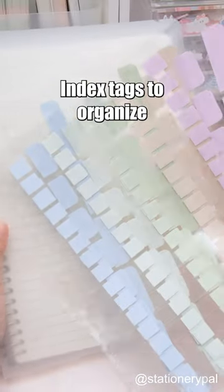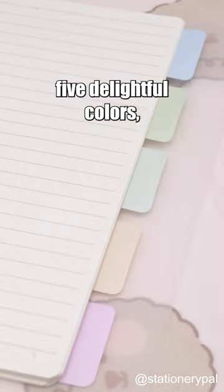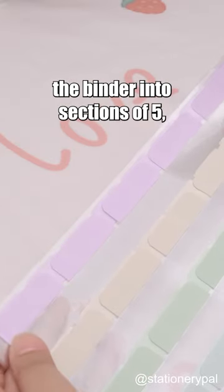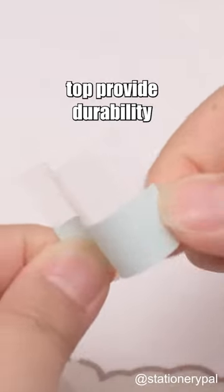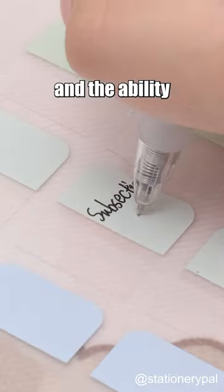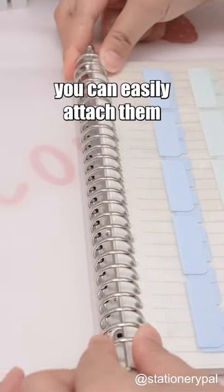Lately, I've been using these index tags to organize my B5 binder. With Pastel's five delightful colors, they perfectly divide the binder into sections of 5, 8, and 12 for your convenience. The plastic bottom and paper top provide durability and the ability to write on them with gel pens. With 26 holes, you can easily attach them to your B5 binder and use them anytime, anywhere.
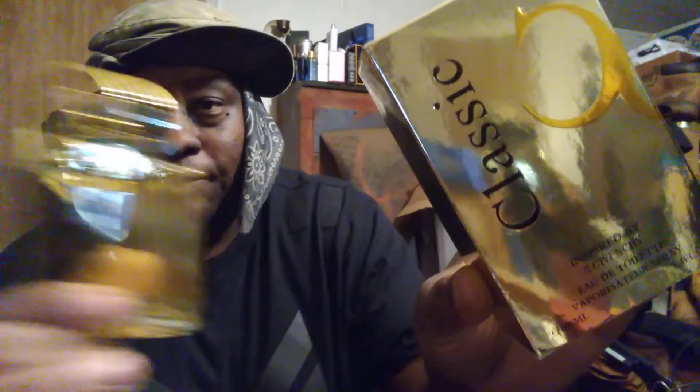You can't say that these companies ain't coming out with some cool bottles, man. It smells very good. When you first apply, you get about an hour and a half to maybe two hours of projection. It's more of a gourmand type fragrance — if you're into gourmands, cloud soft sweet scents, it's pretty cool, pretty decent spray.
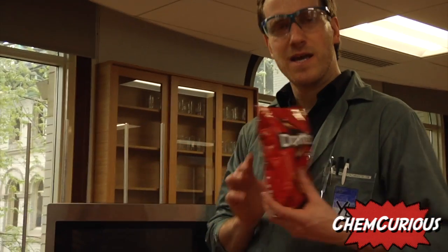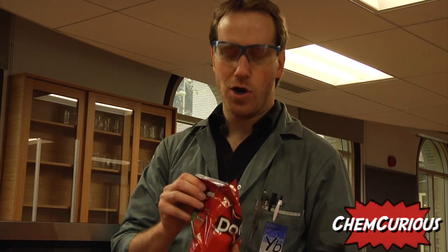All you need for this experiment is a bag of chips. You've got to make sure the chips you're using are in a bag that is coated with aluminum or a metal. All you've got to do is open the bag of chips.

Problem »
Give back the full listing verbatim, skipping each picture.

Task output »
Lately, I've been using these index tags to organize my B5 binder. With Pastel's five delightful colors, they perfectly divide the binder into sections of 5, 8, and 12 for your convenience. The plastic bottom and paper top provide durability and the ability to write on them with gel pens. With 26 holes, you can easily attach them to your B5 binder and use them anytime, anywhere.
You can't say that these companies ain't coming out with some cool bottles, man. It smells very good. When you first apply, you get about an hour and a half to maybe two hours of projection. It's more of a gourmand type fragrance — if you're into gourmands, cloud soft sweet scents, it's pretty cool, pretty decent spray.
All you need for this experiment is a bag of chips. You've got to make sure the chips you're using are in a bag that is coated with aluminum or a metal. All you've got to do is open the bag of chips.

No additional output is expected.